Alberto, estaba decepcionado. Después de su hermana, el Dr. Lasalle no era mucho para mirar. —Vamos! Pequeñito y redondo con una cara igualmente por debajo de la media nacional. Alberto recordó que su salud mental estaría en sus manos, con suerte, mejor cuidadas, que su apariencia. Empero, yo hablé con el Dr. Lasalle y este tío no es él.
Dr.
Lasalle:—Se está bien, ahí.
—No,
solo lo que he visto en la televisión.— Dijo, disculpándose porque se había
tendido en el sofá.
Dr. Lasalle:— Si te sientes más cómodo, a mí no me importa. Yo me sentaré en esta silla detrás de ti.—Dijo mientras se alejaba de su vista.— Alberto notó un ruido muy molesto, al chirriar la silla, donde se sentaba el Doctor.
Dr.
Lasalle:— Entonces, el Dr. Ansorena, lo vio ayer y me comentó que sigue
tomando la medicación y ve avances. Alberto, no escuchaba al Dr. Lasalle, sólo
veía muecas y un blablablá de fondo. Hastiado de escuchar sus putos problemas
durante las siguientes dos semanas. Su plan diario era éste: ver al Dr. Lasalle
cada dos días y hablar de cosas que no recordaba al cabo de los 10 minutos.

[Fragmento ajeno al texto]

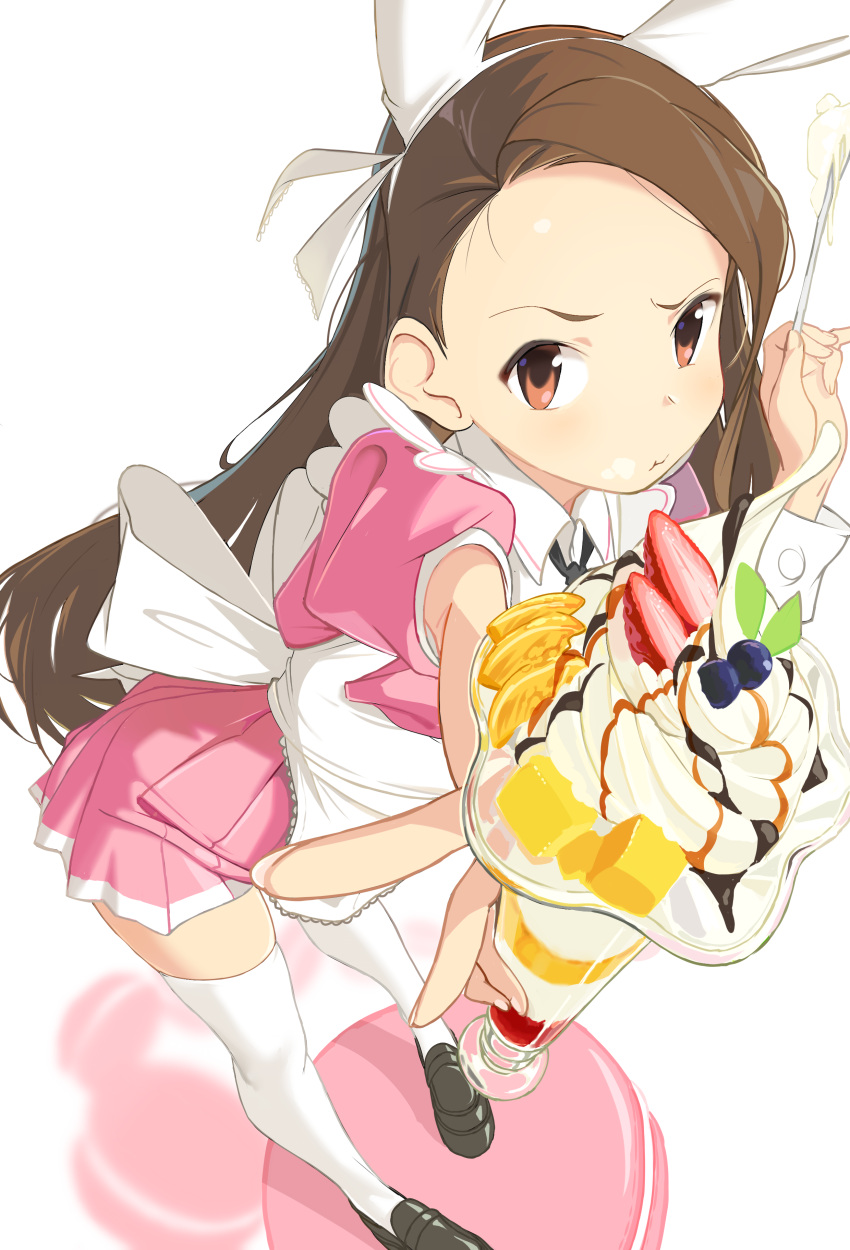 1girl absurdres animal_ears apron black_footwear bow brown_eyes brown_hair bunny_ears closed_mouth fake_animal_ears food food_in_mouth food_on_face fruit highres holding holding_spoon idolmaster idolmaster_(classic) long_hair looking_at_viewer macaron minase_iori nazo_no_niku parfait shoes solo spoon thighhighs waitress white_background white_legwear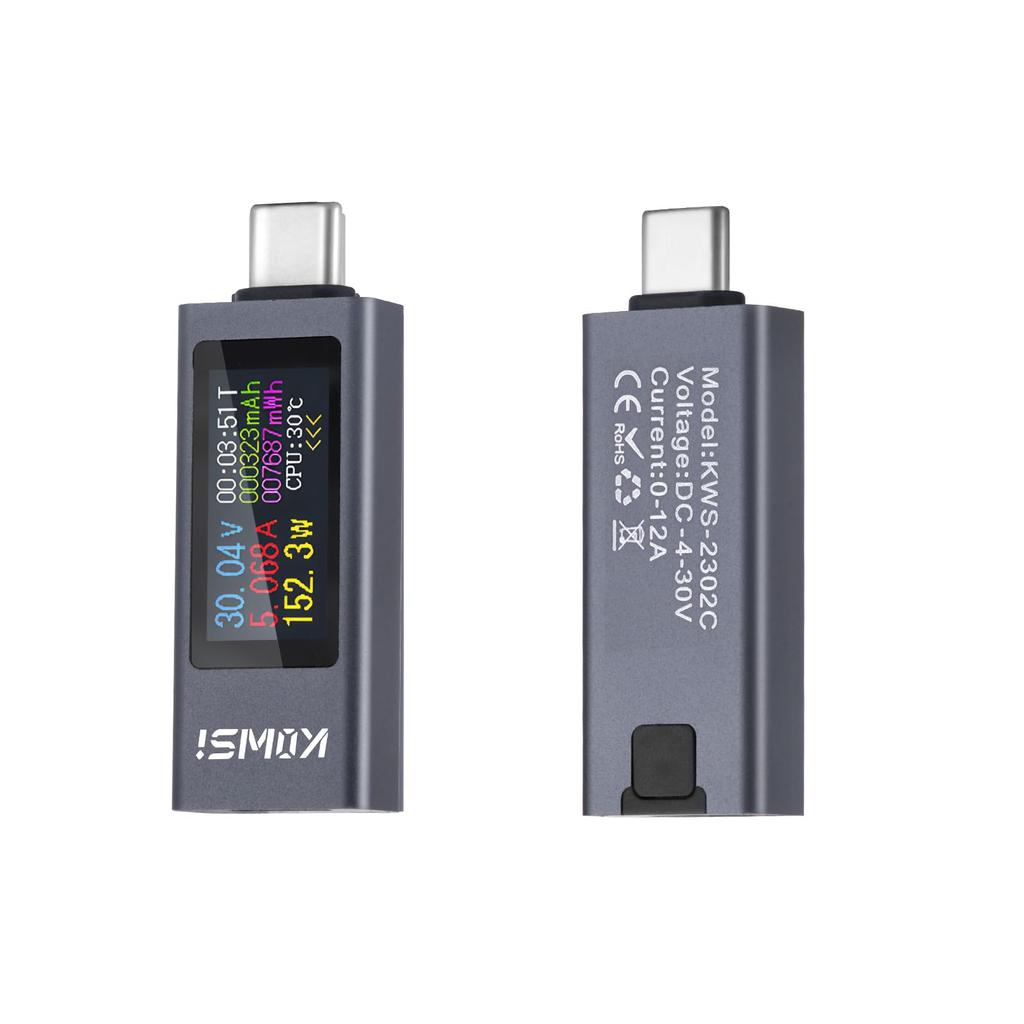 DiyStudio 240W USB Strom- und Spannungs-Doppelmesser USB C Multimeter Bidirektionaler Stromtest Mobiles Laden USB Keine Treiber oder Software Plug and Play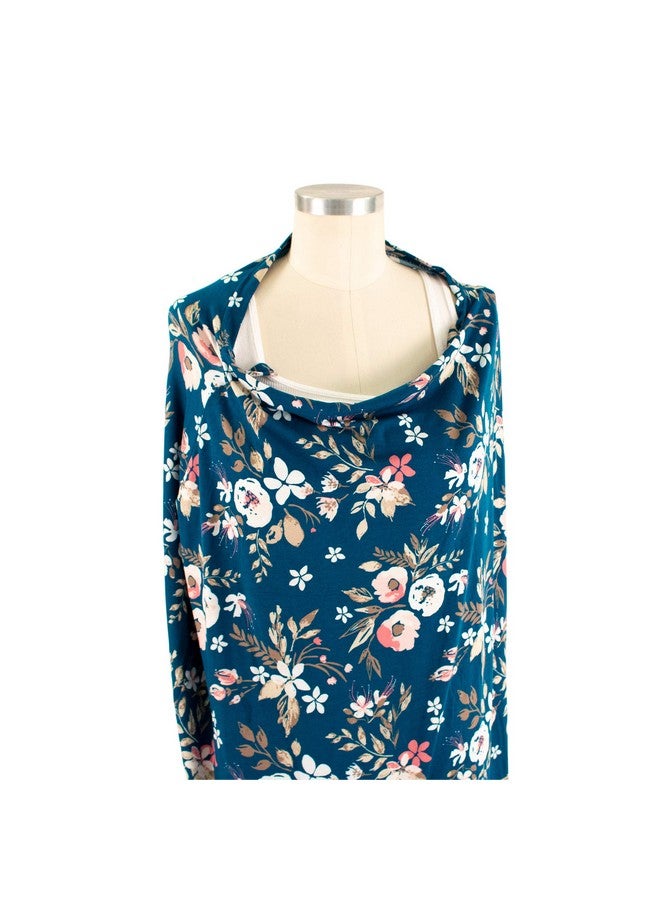 Bebe au Lait Bebe au Lait 5-in-1 Multi-Use Cover: Nursing Covers for Breastfeeding, Infinity Scarf, Nursing Shawl, Car Seat Cover, Shopping Cart Cover, Carrier Cover, Privacy Nursing Cover- Midnight Floral - Image 1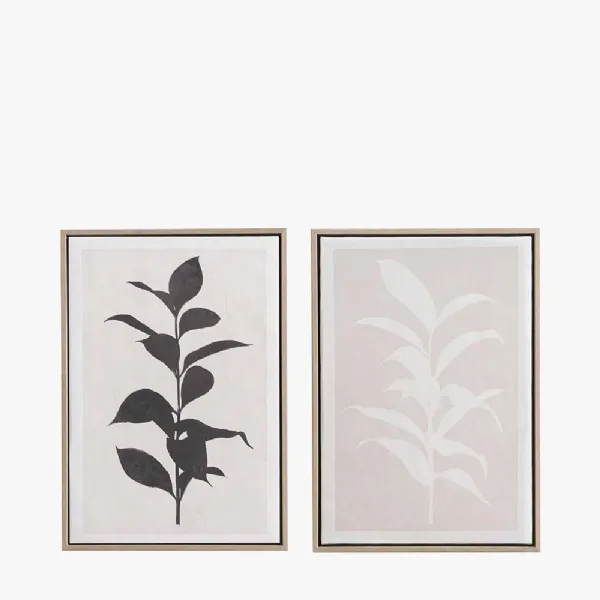 S 2 Natural and Black Leaf Print Canvases with Natural Frames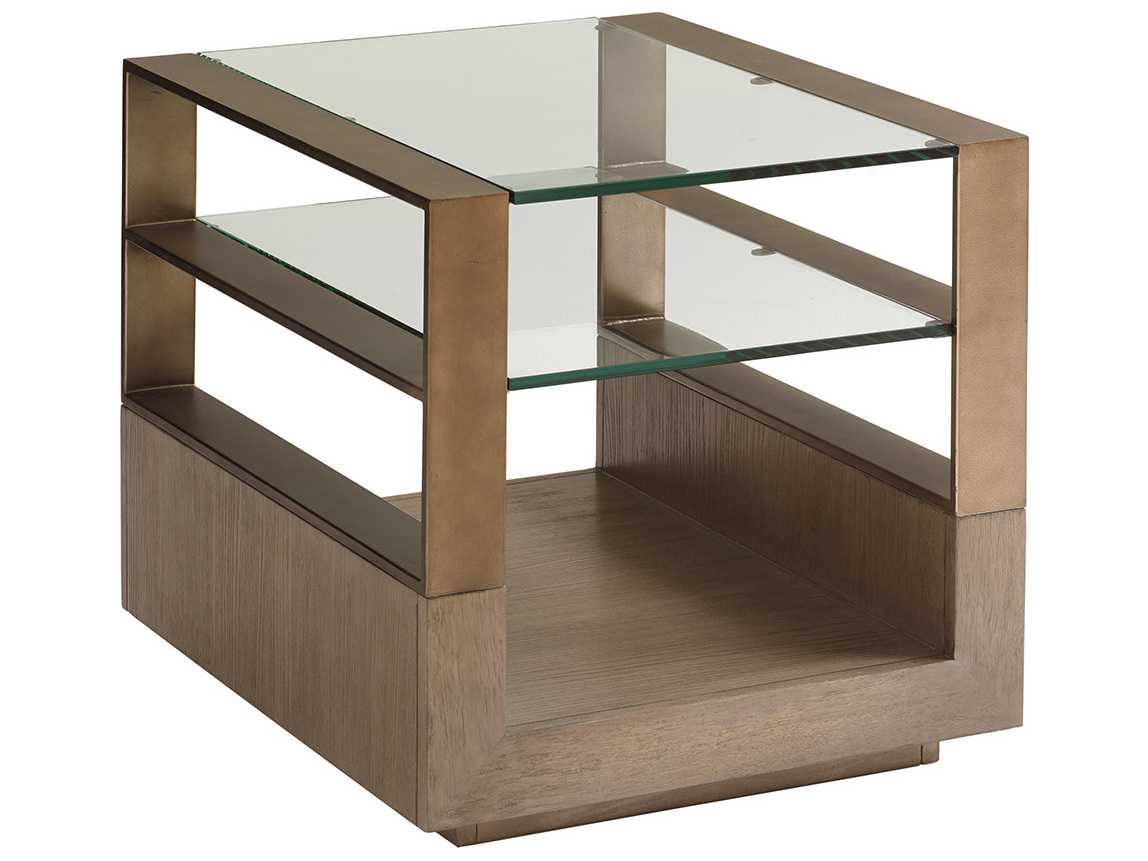 Lexington Shadow Play Rectangular Glass End Table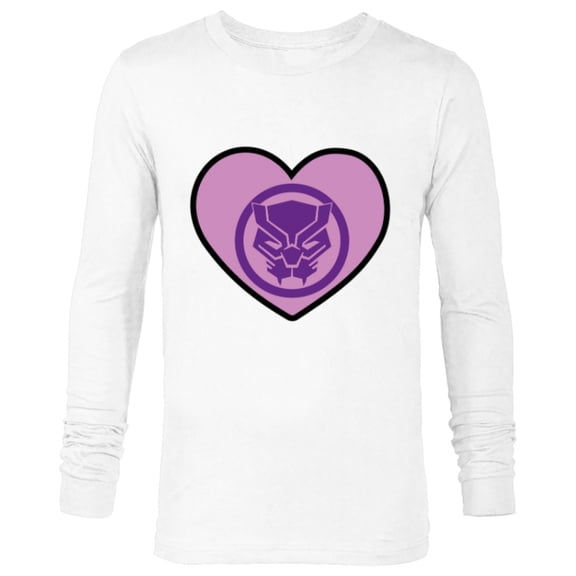 Marvel Black Panther Avengers Heart Love Valentine’s Day - Long Sleeve T-Shirt for Men - Customized-White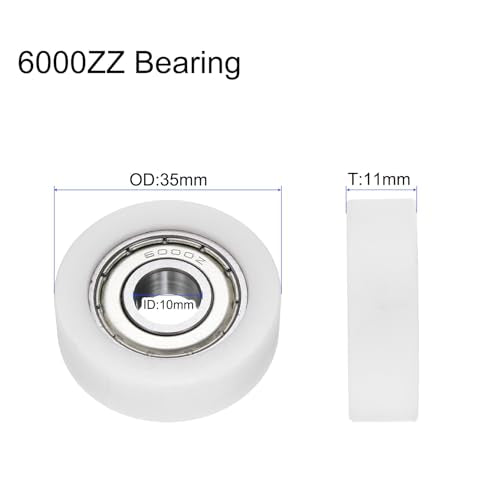 sourcing map 4Pcs Ball Bearing Guide 10 x 35 x 11mm Double Shielded POM Roller Bearings, Flat Pulley Wheel for Furniture, Hardware Accessories, White 4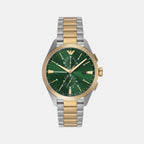 Emporio Armani Round Green Chronograph watch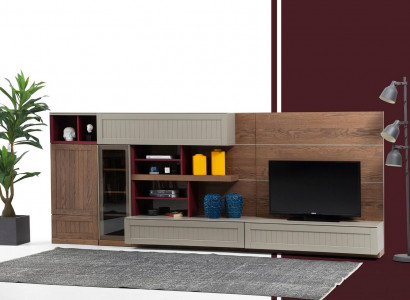 Living room wall TV stand RTV lowboard display cabinet wood modern brown living room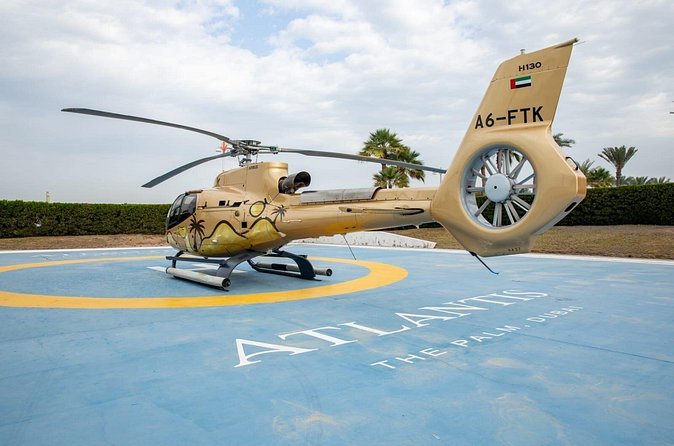 Private helicopter flight above Dubai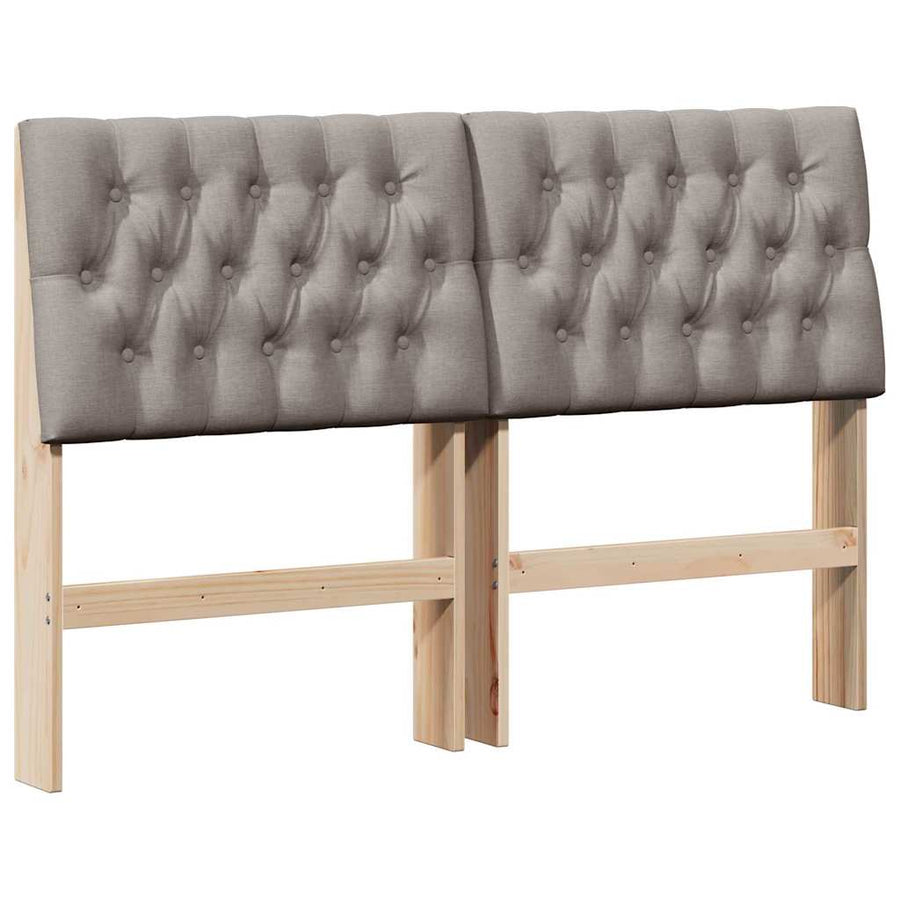 Gestoffeerd hoofdbord Taupe 150 cm Massief grenenhout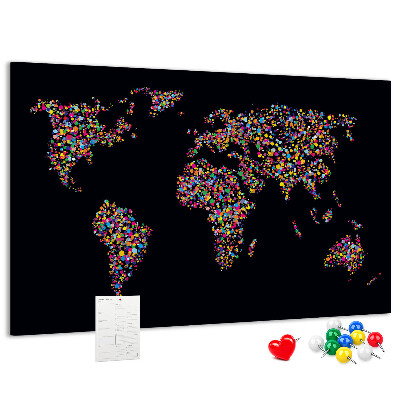 Tableau affichage liège Carte du monde colorée avec des cœurs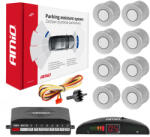 AMiO Senzori de parcare AMIO cu afisaj LED si 8 senzori argintii fata-spate (AM01598)
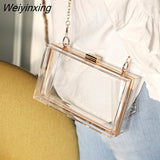 Weiyinxing Acrylic Transparent Women Clutch Bag Chain Luxury Brand Women Messenger Bag Evening Bag Handbag Chain Shoulder Bag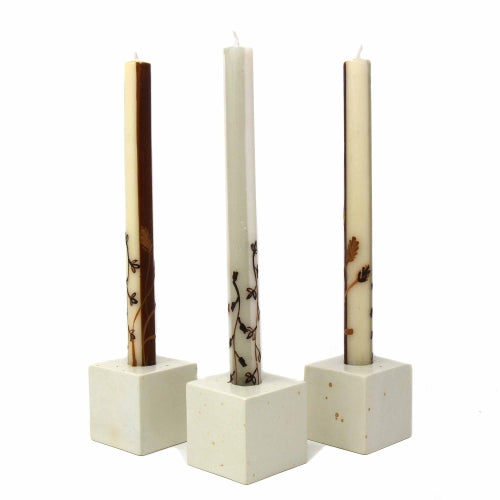 Grandes bougies peintes à la main - Trois en boîte - Kiwanja Design - Nobunto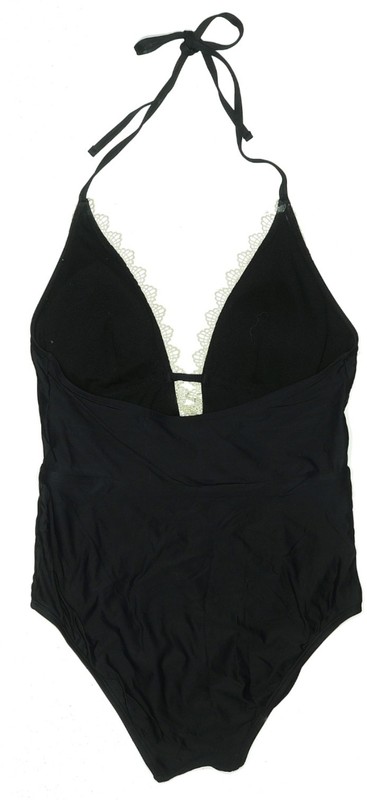 Angel Suit Brand W-size M Black/Cream Crochet V-neck line One Piece Swimsuit. gallery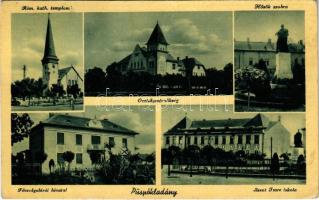 1948 Püspökladány, Római katolikus templom, Osztálymérnökség, Hősök szobra, emlékmű, Főszolgabírói hivatal, Szent Imre iskola (EK)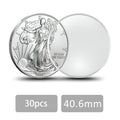 30pcs 40.6mm Clear Coin Holder Capsules for Silver Eagle 1Oz Coins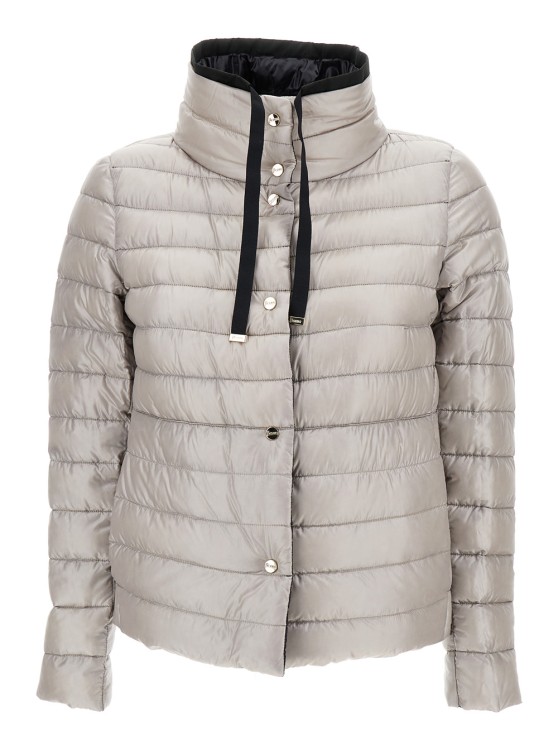 Herno Black And White Reversible Down Jacket With Funnel Neck In Polyamide In Grey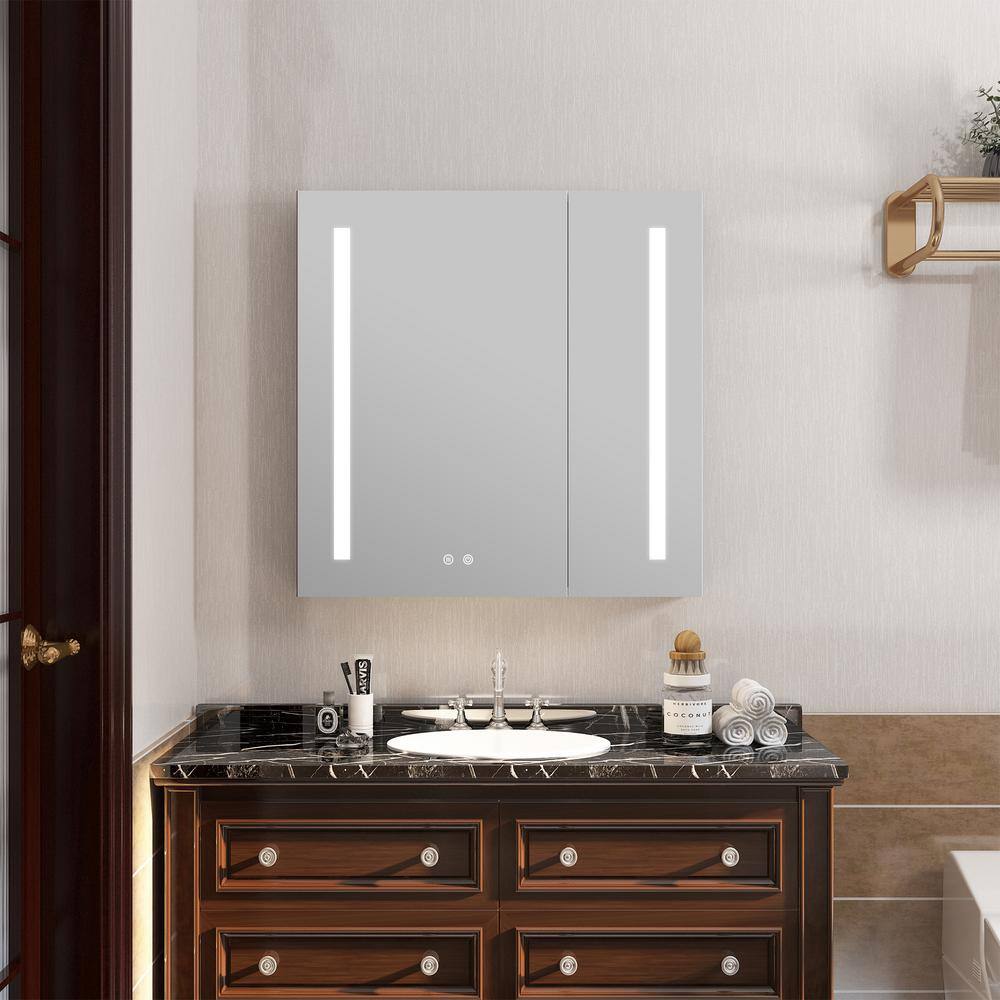 WELLFOR 30 in. W x 30 in. H Medium Aluminum Recessed or Surface Mount Medicine Cabinet with Mirror and Lighted W4MCL3030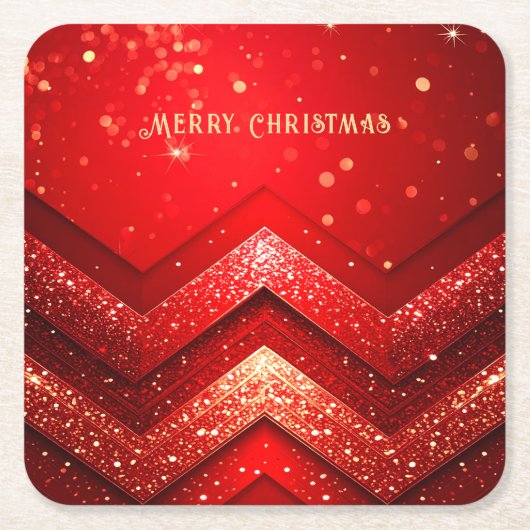 Red Decorative Christmas Holiday Paper Coaster スクエアペーパーコースター (正面)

Levantarse del jodido diván, sentirse sucio por las confidencias y volver a
casa para tomar una larga ducha. Parecía como si el sofá fuera un portal a otro
territorio, un mal sitio, desaparecido: cuando se recostó en él. Y así, pasa la
vida de Alberto. Cuanto más se vuelve, más culpable se siente, cuando se
levanta para irse, como si de alguna manera estuviera traicionando a su
hermana, a su amiga, a todo ese otro mundo.
Piensa
en ir a almorzar con su hermana o al parque con su amigo, Rai. Empero, la culpa
le pesa demasiado como para llamar a cualquiera de los dos. Así que, en cambio,
simplemente recoge los materiales reciclables del parque y se va a casa a ver
sus películas favoritas o a leer sus novelas preferidas. Esto termina siendo su
vida hasta que vuelve a ver al Dr. Ansorena. Su mejor amigo, Rai, nunca viene a verlo. Lo que le hizo sentir
gran curiosidad. Normalmente, sorprendía a Alberto con una visita inesperada
cuando no habían hablado durante una semana más o menos, pero no esta vez. No
fue así. Alberto no pudo superar la culpa que sopesaba, tanta, como para
llamarlo. Una parte de él sabía que no quería enfrentarse a las preguntas que
le haría su amigo sobre ir al médico, sobre las pastillas o sobre lo que
necesitaba ser "regulado" en su cabeza. Pensó que esas eran las
razones por las que quería sentirse culpable en el fondo de su mente. Alberto
sentía lo mismo por su hermana. No había estado allí para verlo en un tiempo, y
sus llamadas telefónicas habituales tampoco habían llegado. Pensó que
probablemente estaba atrapada con ese nuevo chico que había conocido, sin
embargo, quería sentirse feliz por ella, pero la culpa se cernía, una y otra
vez, sobre sus pensamientos.
Tras ese balance personal. Cogió su automóvil y se dirigió a ver al Dr. Ansorena, hoy era el día de la segunda visita. Sentado en la sala de espera, le echó un ojo al revistero. Encontró un número de un magazine de fotografía profesional y se quedó mirando las hermosas imágenes. Cuando finalmente lo llamaron a la habitación, esperó un poco más hasta que entrase el médico.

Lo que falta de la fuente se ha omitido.